Петр Якубович - В мире отверженных. Записки бывшего каторжника. Том 2
– У нас банки отсекали до вас кажному, кто только мать выругает! – с гордостью добавил Луньков.
– А ведь что ж, ребята, самое это разлюбезное дело! – сорвался вдруг с нар плечистый мужчина с мрачным выражением красного, как морковь, угреватого лица и маленькими рыжими усиками, Карасев по фамилии. – Я сам смерть не люблю этой нашей дурной привычки… Давайте, братцы, и мы в это согласие вступим. Банки тому сукиному сыну, кто хоть раз помянет мать аль отца нехорошим словом!
И за этим энергичным выкриком он сделал в духе энергичное движение кулаком.
– Что, брат Грибский, заварил кашу? – захохотал другой арестант, спокойно лежавший на нарах.
Он давно уже производил на меня крайне неприятное впечатление своими наглыми светло-серыми глазами, постоянно, точно у волка, оскаленными, белыми как слоновая кость зубами и всем своим лицом, тоже ослепительно белым и прекрасно упитанным. Рядом с этим антипатичным развязным блондином, фамилия которого была Тропин, лежал четвертый из новичков, худощавый брюнет с длинными усами и прямым острым носом; темные глаза его в глубоких впадинах смотрели пронзительным и почти диким взглядом. Звали его – Стрельбицкий; он не проронил пока ни одного слова.
Грибский попрежнему стоял возле наших нар, повесив голову и имея самый виноватый вид.
– Я что же… Я, как все, господа, – продолжал он оправдываться, – против общества я никогда не пойду.
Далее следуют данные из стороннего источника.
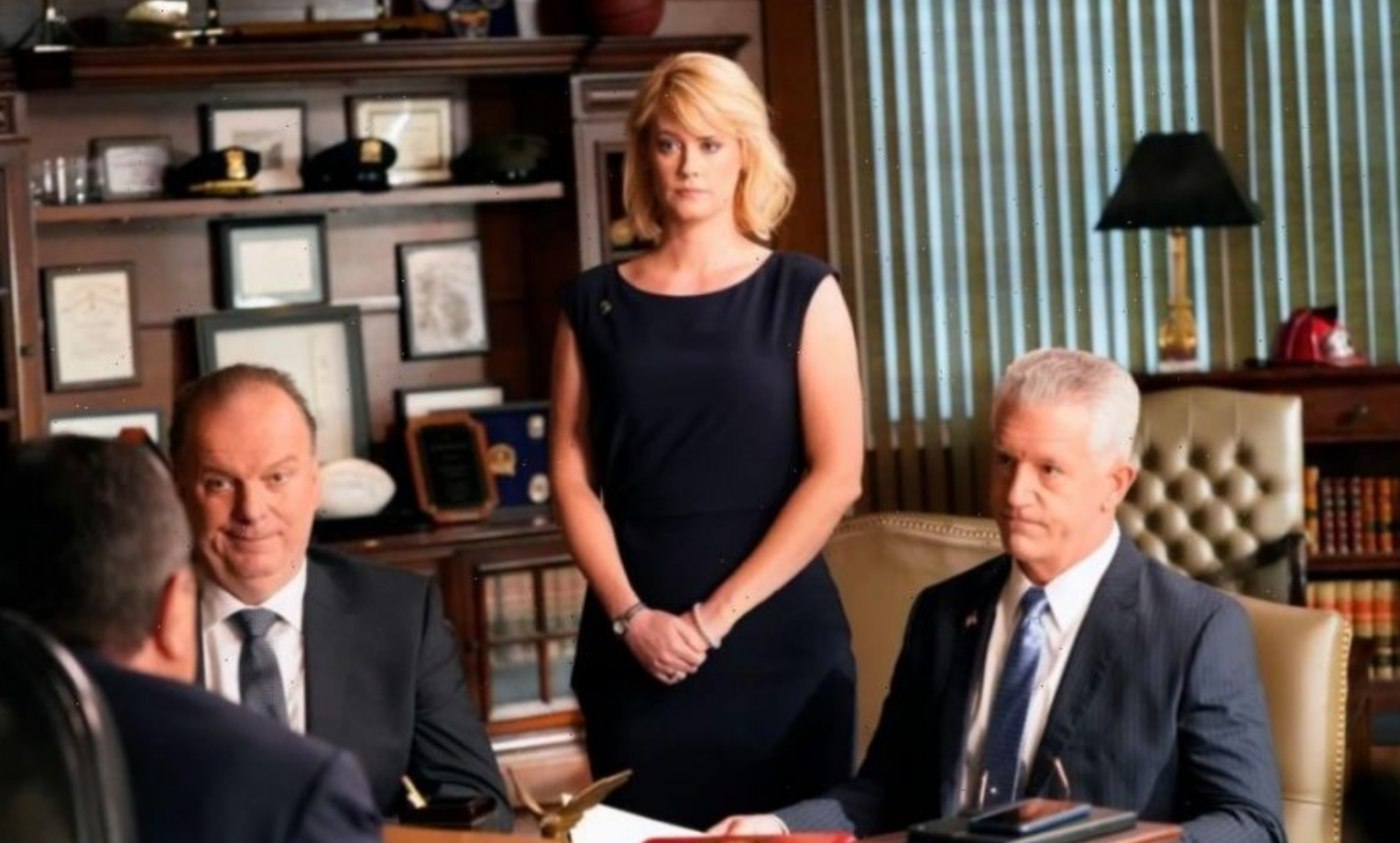 Fans Are Worried That Robert Clohessy Is Leaving 'Blue Bloods'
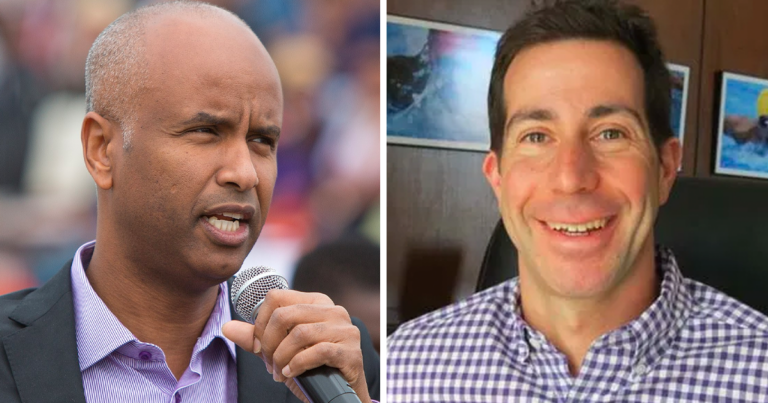 Liberal MP claims he warned Hussen of antisemitic consultant before news broke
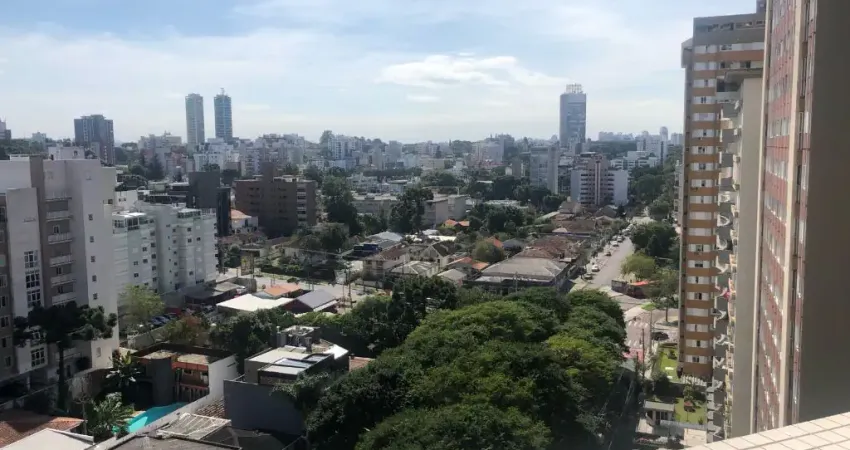 Apartamento com 4 quartos para alugar na Rua Padre Anchieta, 1081, Bigorrilho, Curitiba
Я даже очень буду рад… Конечно, глупая привычка наша всему причиной… К тому же иные настоящие господа очень даже сами одобряют крепкое слово… Приходилось мне и порядочное общество тоже видать… Но ежели ваш характер иного рода, так простите великодушно, я не знал ведь…
Несчастный "любитель" имел очень комичный, жалко-растерянный вид.
– Больше, значит, не будете? – сурово спросил его Штейнгарт.
– Прямо язык себе позволю отрезать! – обрадовался Грибский. – Прямо вот принесу ножик, подам в руки и скажу: "Режьте, Дмитрий Петрович, заслужил!"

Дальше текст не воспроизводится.